After that happened, you couldn't find a copy of "Double Fantasy" anywhere. I remember searching all over town the day after Lennon was killed, trying to find a copy of the album to give as a Christmas present to the girl I had been seeing. But all I could find was an 8–track tape.

(She did have an 8–track player at the time, so that was OK.)

Actually, I was lucky to find the tape. Although CNN did exist at that time, it was still trying to find its identity and, in those essentially pre–24/7 news channel and pre–internet days, you had limited sources even for breaking news. Most Americans probably heard of Lennon's death the way I did — from Howard Cosell on Monday Night Football.

Word was slow getting out that night — certainly by contemporary standards. But it got out, and people hit the record stores as early as they could the next day and snapped up copies of "Double Fantasy" as long as they were available. And that wasn't long at all.

In hindsight, I must say that the response to Lennon's death was even more dramatic than the response I had seen a few years earlier when Elvis Presley died — or that I did see nearly 20 years later when a musical icon from another generation, Frank Sinatra, died.

In all three cases, music stores quickly ran out of albums by the dead singers.
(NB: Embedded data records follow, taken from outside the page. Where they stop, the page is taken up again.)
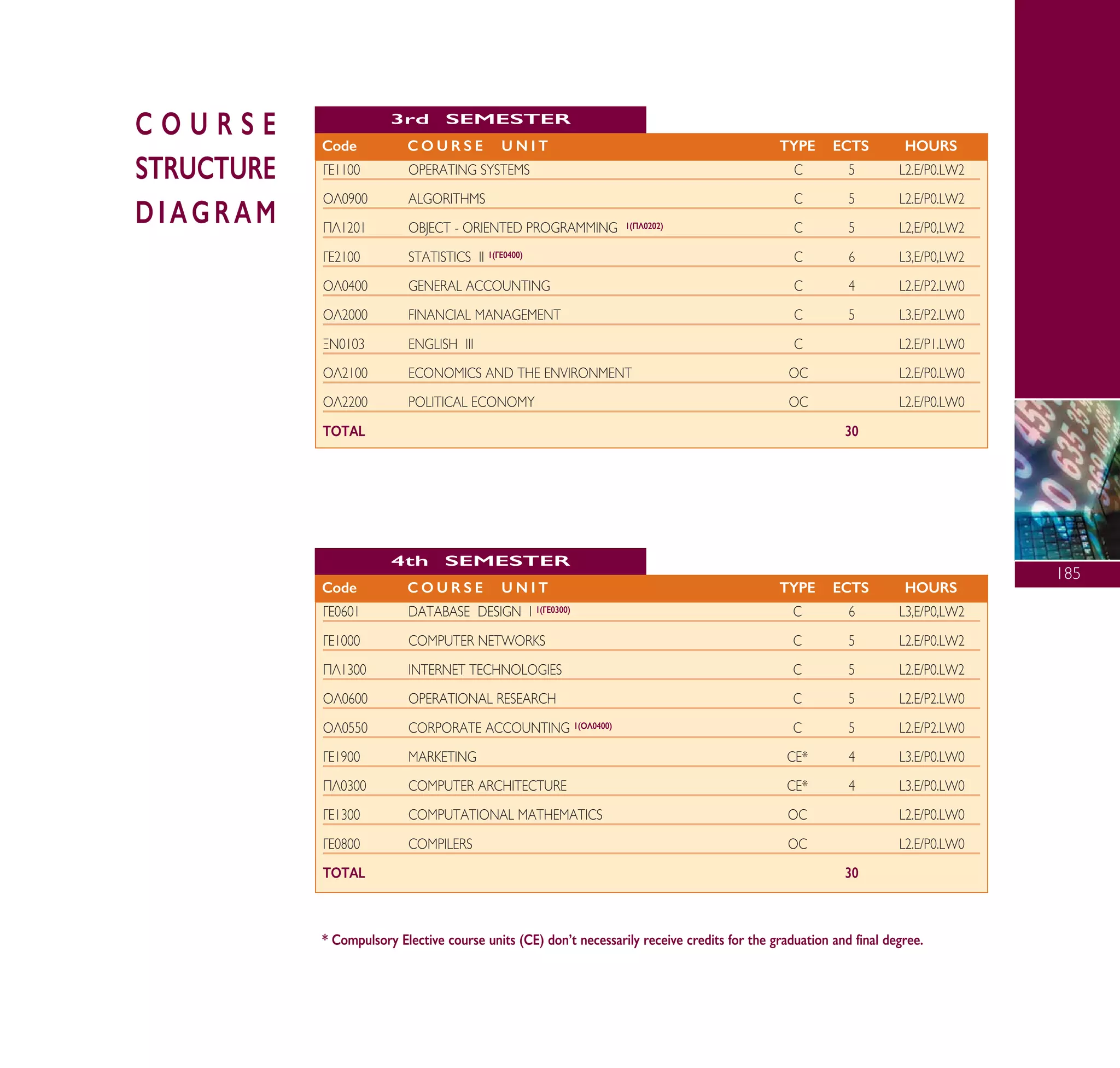 °∂1100 OPERATING SYSTEMS C 5 L2.E/P0.LW2
√§0900 ALGORITHMS C 5 L2.E/P0.LW2
¶§1201 OBJECT - ORIENTED PROGRAMMING 1(¶§0202) C 5 L2,E/P0,LW2
°∂2100 STATISTICS II 1(°∂0400) C 6 L3,E/P0,LW2
√§0400 GENERAL ACCOUNTING C 4 L2.E/P2.LW0
√§2000 FINANCIAL MANAGEMENT C 5 L3.E/P2.LW0
•¡0103 ENGLISH III C L2.E/P1.LW0
√§2100 ECONOMICS AND THE ENVIRONMENT OC L2.E/P0.LW0
√§2200 POLITICAL ECONOMY OC L2.E/P0.LW0
TOTAL 30
Code C O U R S E U N I T TYPE ECTS HOURS
3rd SEMESTER
°∂0601 DATABASE DESIGN I 1(°∂0300) C 6 L3,E/P0,LW2
°∂1000 COMPUTER NETWORKS C 5 L2.E/P0.LW2
¶§1300 INTERNET TECHNOLOGIES C 5 L2.E/P0.LW2
√§0600 OPERATIONAL RESEARCH C 5 L2.E/P2.LW0
√§0550 CORPORATE ACCOUNTING 1(√§0400) C 5 L2.E/P2.LW0
°∂1900 MARKETING CE* 4 L3.E/P0.LW0
¶§0300 COMPUTER ARCHITECTURE CE* 4 L3.E/P0.LW0
°∂1300 COMPUTATIONAL MATHEMATICS OC L2.E/P0.LW0
°∂0800 COMPILERS OC L2.E/P0.LW0
TOTAL 30
Code C O U R S E U N I T TYPE ECTS HOURS
4th SEMESTER
C O U R S E
STRUCTURE
DIAGRAM
* Compulsory Elective course units (CE) don’t necessarily receive credits for the graduation and final degree.
185
A° ° §IKO™ 2010 Final 15-02-11 19:04 ™ÂÏ›‰·187
 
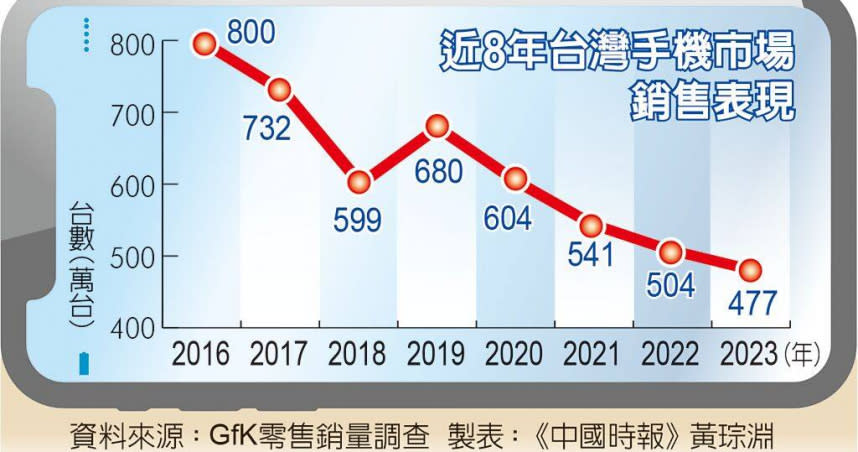 近8年台灣手機市場銷售表現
It seemed more pronounced after Lennon's death — perhaps because he was murdered — but most of the initial demand seemed to focus on his latest album.

Oddly enough, I found some copies of Lennon's older albums, a few of which I bought for my personal collection. And I was happy to get them. I preferred then — as I do now — Lennon's albums without Yoko.

Maybe it was Lennon's particular brand of marital loyalty, but, for some reason, he seemed to think that Yoko was a great singer. And he alternated tracks on the album with Yoko. When photographer Annie Leibovitz came to Lennon's home to shoot photos for Rolling Stone on the day Lennon was killed, she wanted to shoot photos of Lennon only. But Lennon insisted that Yoko be in every picture, and he made Leibovitz promise that they would both appear on the cover.

(As I got older, I found that a copy of "Double Fantasy" in one's collection was a pretty accurate litmus test for separating the true Lennon fans from the poseurs. Their copies of that album were always scratchy on the Lennon tracks — and pristine on Yoko's. I concluded that they had lifted the needle off the record when Yoko's tracks were playing and put it on Lennon's next track on that side.)

When "Double Fantasy" came out, the timing may have been right for someone like Yoko. Her style was definitely of a punk nature, and punk acts were hot in the late 1970s and early 1980s.

I must confess that I have often wondered how that album might have done if Lennon had not been killed. I'm sure it would have done reasonably well with Lennon's fans, who had been waiting for several years for new material from him.

But would it have been popular with the punk fans? Surely, it wouldn't have generated the same kind of sales it did in the days after his murder. But would punk's have embraced Yoko? I honestly can't say.

Perhaps Yoko was inspired by her husband's burst of creativity in that last year of his life. Or perhaps she was infused with fresh confidence as punk acts were getting positive publicity.

Whatever it was, she seemed energized in a way she hadn't been before. She had seven songs on the album, the same number as her husband. Would she have been a punk star in the '80s if her husband hadn't died on that December night 30 years ago?

Again, I can't say.

What I can say is that it took Yoko three years after Lennon's death to finish work on the projected followup to "Double Fantasy," an album of recordings the two made for an album called "Milk and Honey." That album was released posthumously. While it followed the format of "Double Fantasy," it didn't enjoy the same commercial success.

And since its release in 1984, I don't think Yoko has made another recording.